Question

Given the following: [G3P] = 1.5x10-5M; [BPG] = 3.0x10-3M ; [NAD+] = 1.2x10-5M; [NADH]=1.0x10-4 ; [HPO42-]= 1.2x10-5 M; pH = 7.5 ; DGo=6.3 kJ/mol

Glyceraldehyde3-phosphate + NAD+ + HPO42- ---> 1,3-Biphosphoglycerate + NADH + H+

Predict whether this reaction will be spontaneous.

Answer 1

Answer: The given reaction is non-spontaneous in nature.

Step-by-step explanation:

To calculate the
`H^+` concentration, we use the equation:

`pH=-\log[H^+]`

We are given:

pH of the solution = 7.5

`7.5=-\log [H^+]`

`[H^+]=10^{-7.5)=3.1* 10^(-8)M`

For the given chemical equation:

`\text{Glyceraldehyde3-phosphate }+NAD^++HPO_4^(2-)\rightarrow \text{1,3-Biphosphoglycerate }+NADH+H^+`

The equation used to Gibbs free energy of the reaction follows:

`\Delta G=\Delta G^o+RT\ln K_(eq)`

where,

`\Delta G` = free energy of the reaction

`\Delta G^o` = standard Gibbs free energy = 6.3 kJ/mol = 6300 J/mol (Conversion factor: 1kJ = 1000J)

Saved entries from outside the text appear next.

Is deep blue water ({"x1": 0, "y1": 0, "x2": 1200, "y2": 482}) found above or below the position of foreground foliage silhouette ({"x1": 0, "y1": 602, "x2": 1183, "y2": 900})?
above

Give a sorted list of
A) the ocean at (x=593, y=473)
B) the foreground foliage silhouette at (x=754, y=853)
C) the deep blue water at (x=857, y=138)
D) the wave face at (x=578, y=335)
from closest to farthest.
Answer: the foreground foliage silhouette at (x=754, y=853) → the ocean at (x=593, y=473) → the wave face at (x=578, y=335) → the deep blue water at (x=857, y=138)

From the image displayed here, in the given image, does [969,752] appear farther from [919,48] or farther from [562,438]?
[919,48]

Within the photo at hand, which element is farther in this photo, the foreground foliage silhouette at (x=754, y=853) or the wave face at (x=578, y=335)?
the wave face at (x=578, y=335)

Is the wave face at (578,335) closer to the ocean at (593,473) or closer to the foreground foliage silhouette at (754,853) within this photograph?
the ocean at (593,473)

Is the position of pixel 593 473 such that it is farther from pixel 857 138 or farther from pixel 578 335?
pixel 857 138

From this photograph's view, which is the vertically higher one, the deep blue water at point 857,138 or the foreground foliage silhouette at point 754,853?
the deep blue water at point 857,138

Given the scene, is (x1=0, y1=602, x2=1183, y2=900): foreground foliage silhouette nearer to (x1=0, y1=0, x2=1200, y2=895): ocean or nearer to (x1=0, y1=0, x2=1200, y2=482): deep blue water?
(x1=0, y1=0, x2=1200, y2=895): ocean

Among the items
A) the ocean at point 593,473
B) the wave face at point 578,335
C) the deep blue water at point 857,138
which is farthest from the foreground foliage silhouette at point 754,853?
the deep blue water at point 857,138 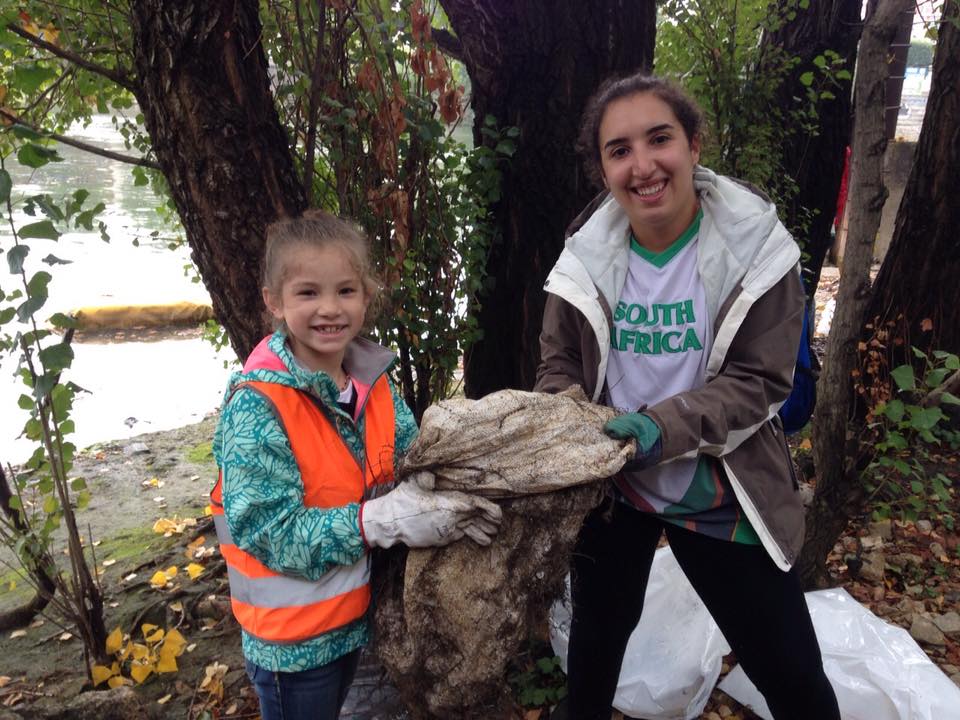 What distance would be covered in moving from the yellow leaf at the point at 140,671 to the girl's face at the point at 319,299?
1.79 m

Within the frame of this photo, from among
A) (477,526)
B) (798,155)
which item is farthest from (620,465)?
(798,155)

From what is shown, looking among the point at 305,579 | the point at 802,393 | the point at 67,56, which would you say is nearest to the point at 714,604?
the point at 802,393

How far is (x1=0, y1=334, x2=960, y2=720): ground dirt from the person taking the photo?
2.59 metres

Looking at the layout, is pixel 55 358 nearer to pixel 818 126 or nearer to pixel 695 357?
pixel 695 357

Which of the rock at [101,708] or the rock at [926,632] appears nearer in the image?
the rock at [101,708]

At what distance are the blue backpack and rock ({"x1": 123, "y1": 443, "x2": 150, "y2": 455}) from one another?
479cm

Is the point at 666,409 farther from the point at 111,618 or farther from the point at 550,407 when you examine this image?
the point at 111,618

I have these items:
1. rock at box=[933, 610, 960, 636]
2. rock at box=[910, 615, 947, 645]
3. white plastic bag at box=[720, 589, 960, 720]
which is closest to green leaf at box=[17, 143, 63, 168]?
white plastic bag at box=[720, 589, 960, 720]

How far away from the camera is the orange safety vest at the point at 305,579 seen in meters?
1.54

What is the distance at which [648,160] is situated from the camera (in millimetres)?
1695

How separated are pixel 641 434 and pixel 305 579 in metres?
0.77

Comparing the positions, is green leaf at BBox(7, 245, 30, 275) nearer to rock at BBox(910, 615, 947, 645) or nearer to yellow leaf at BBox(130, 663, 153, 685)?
yellow leaf at BBox(130, 663, 153, 685)

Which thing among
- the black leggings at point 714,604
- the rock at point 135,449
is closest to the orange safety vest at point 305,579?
the black leggings at point 714,604

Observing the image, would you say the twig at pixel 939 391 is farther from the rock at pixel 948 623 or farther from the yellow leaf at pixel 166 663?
the yellow leaf at pixel 166 663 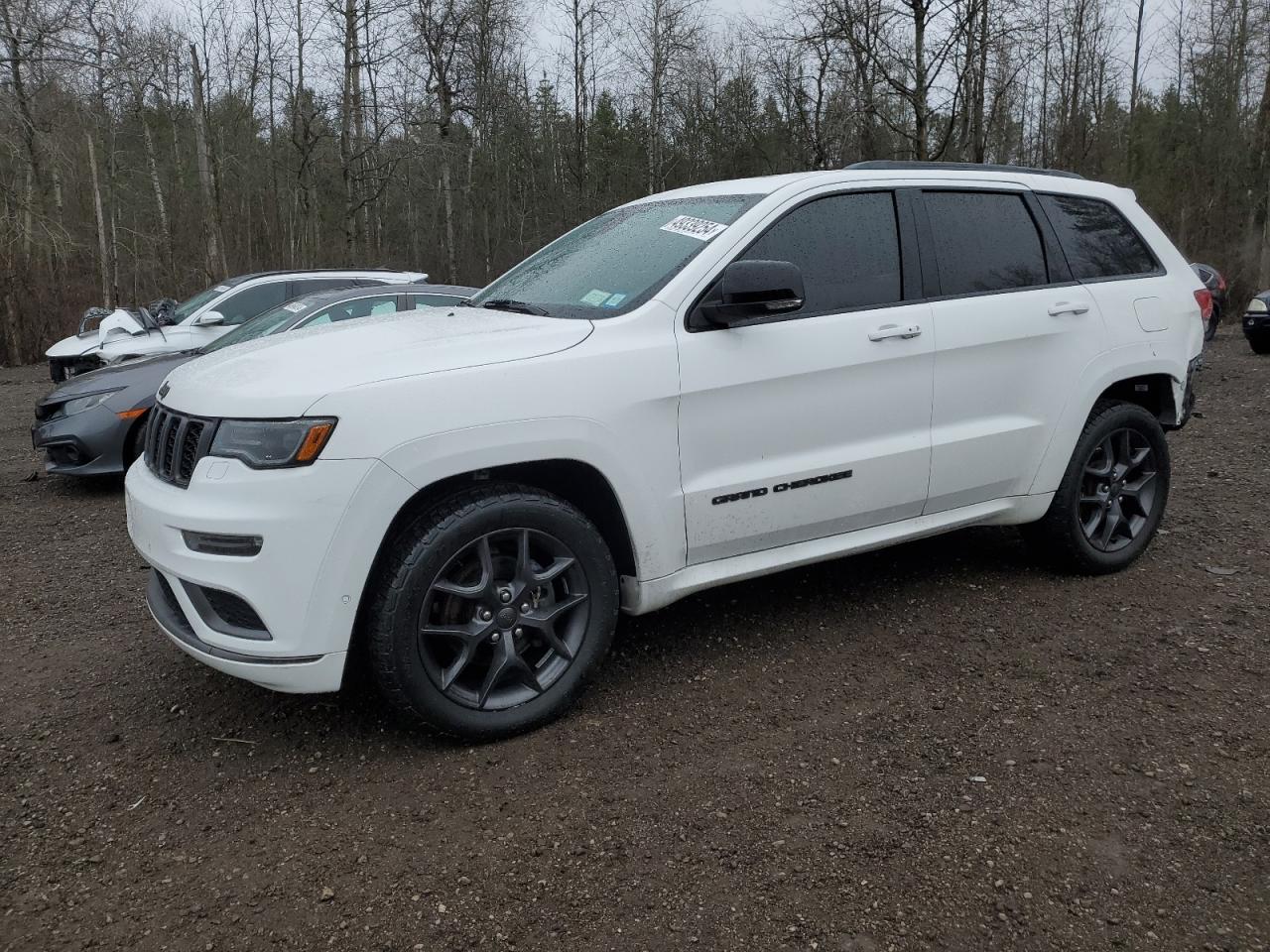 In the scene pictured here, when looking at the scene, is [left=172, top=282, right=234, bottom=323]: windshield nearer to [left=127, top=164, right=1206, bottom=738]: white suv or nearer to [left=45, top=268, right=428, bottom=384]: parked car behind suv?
[left=45, top=268, right=428, bottom=384]: parked car behind suv

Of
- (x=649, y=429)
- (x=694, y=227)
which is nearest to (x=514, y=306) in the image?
(x=694, y=227)

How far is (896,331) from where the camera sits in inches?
149

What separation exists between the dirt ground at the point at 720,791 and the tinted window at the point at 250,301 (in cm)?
661

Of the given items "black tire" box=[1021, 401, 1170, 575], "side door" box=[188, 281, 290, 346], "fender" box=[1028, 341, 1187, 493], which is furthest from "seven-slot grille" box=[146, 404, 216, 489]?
"side door" box=[188, 281, 290, 346]

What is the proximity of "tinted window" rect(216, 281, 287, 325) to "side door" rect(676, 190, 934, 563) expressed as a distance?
818 centimetres

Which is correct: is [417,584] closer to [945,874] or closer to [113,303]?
[945,874]

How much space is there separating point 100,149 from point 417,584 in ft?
112

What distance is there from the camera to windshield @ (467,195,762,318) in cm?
356

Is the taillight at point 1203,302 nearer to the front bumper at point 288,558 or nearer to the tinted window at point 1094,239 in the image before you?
the tinted window at point 1094,239

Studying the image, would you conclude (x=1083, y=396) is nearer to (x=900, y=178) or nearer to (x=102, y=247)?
(x=900, y=178)

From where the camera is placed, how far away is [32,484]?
25.4 ft

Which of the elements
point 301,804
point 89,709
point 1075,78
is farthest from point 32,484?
point 1075,78

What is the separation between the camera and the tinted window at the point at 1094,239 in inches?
176

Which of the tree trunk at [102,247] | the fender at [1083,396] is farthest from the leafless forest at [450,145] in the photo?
the fender at [1083,396] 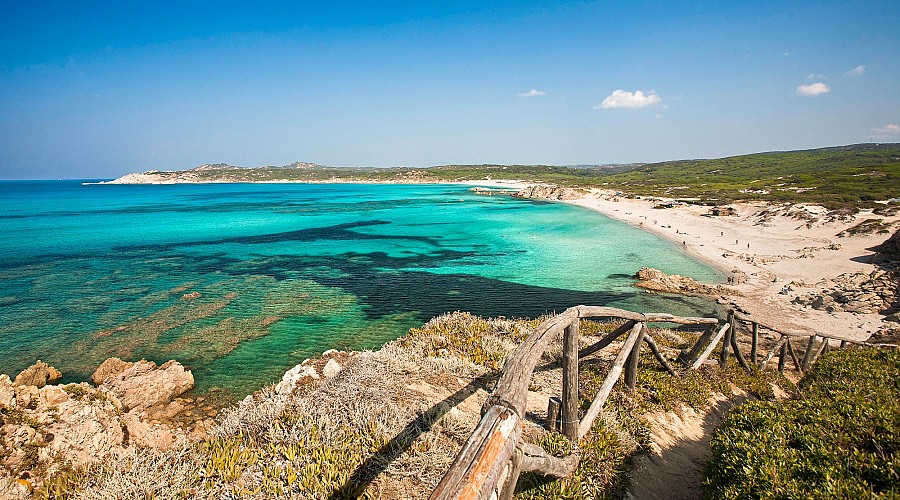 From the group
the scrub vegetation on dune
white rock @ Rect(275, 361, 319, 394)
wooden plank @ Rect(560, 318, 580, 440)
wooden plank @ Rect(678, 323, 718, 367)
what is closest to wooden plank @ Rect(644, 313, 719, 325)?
wooden plank @ Rect(678, 323, 718, 367)

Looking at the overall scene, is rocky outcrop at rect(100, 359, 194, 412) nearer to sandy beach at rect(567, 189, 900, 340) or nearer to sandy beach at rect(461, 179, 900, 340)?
sandy beach at rect(461, 179, 900, 340)

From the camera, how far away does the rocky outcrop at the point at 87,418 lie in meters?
7.07

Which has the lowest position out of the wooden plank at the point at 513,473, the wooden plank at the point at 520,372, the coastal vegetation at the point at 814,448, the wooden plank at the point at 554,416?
the wooden plank at the point at 554,416

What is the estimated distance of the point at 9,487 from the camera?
599 cm

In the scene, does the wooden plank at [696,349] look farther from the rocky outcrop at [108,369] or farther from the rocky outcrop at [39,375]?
the rocky outcrop at [39,375]

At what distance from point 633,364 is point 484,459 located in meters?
6.34

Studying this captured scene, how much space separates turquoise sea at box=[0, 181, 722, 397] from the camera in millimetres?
16250

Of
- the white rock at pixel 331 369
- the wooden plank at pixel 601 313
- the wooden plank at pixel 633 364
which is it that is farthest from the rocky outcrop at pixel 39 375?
the wooden plank at pixel 633 364

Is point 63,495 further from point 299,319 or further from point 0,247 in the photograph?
point 0,247

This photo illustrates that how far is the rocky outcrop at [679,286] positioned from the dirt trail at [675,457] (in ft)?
57.7

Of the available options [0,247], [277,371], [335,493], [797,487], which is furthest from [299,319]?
[0,247]

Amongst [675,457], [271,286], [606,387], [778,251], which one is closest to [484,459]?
[606,387]

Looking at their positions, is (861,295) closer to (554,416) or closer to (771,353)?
(771,353)

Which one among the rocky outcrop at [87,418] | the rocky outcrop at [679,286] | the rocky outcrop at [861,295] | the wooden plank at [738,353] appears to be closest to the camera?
the rocky outcrop at [87,418] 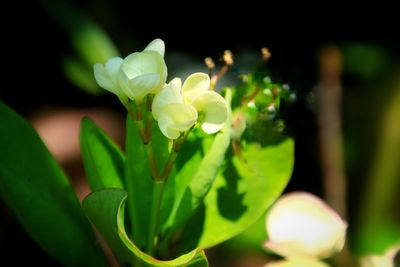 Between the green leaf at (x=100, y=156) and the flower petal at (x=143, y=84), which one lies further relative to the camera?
the green leaf at (x=100, y=156)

R = Gas constant = 8.314J/K mol

T = Temperature =
`25^oC=[273+25]K=298K`

`K_(eq)` = Ratio of concentration of products and reactants =
`([BPG][NaDH][H^+])/([G_3P][NAD^+][HPO_4^(2-)])`

`[BPG]=3.0* 10^(-3)M`

`[NADH]=1.0* 10^(-4)M`

`[H^+]=3.1* 10^(-8)M`

`[G_3P]=1.5* 10^(-5)M`

`[NAD^+]=1.2* 10^(-5)M`

`[HPO_4^(2-)]=1.2* 10^(-5)M`

Putting values in above equation, we get:

`\Delta G=6300J/mol+(8.314J/K.mol* 298K* \ln (((3.0* 10^(-3))* (1.0* 10^(-4))* (3.1* 10^(-8)))/((1.5* 10^(-5))* (1.2* 10^(-5))* (1.2* 10^(-5)))))\\\\\Delta G=9917.02J/mol=9.92kJ/mol`

For the reaction to be spontaneous, the Gibbs free energy of the reaction must come out to be negative.

As, the Gibbs free energy of the reaction is positive. The reaction is said to be non-spontaneous.

Hence, the given reaction is non-spontaneous in nature.